━━ SUPPLIED MATERIAL ━━

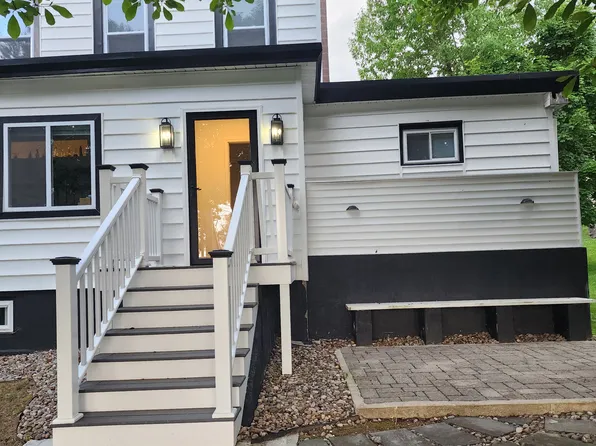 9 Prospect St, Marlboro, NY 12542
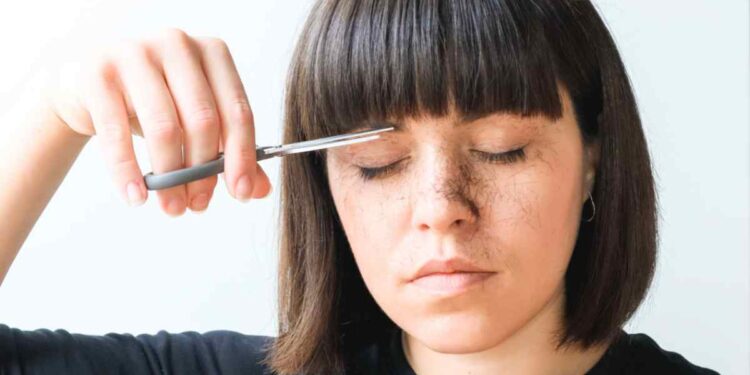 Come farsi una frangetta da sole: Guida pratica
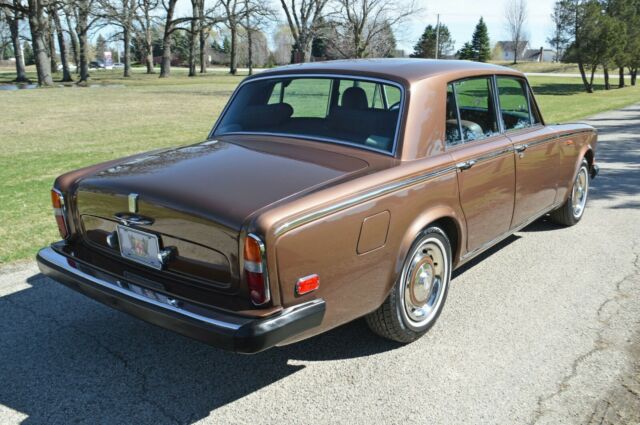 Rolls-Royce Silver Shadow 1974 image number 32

━━━

TASK PROMPT ->
Produce the full material again verbatim, with the pictures dropped.

PROBLEM SOLUTION ->
 9 Prospect St, Marlboro, NY 12542
 Come farsi una frangetta da sole: Guida pratica
 Rolls-Royce Silver Shadow 1974 image number 32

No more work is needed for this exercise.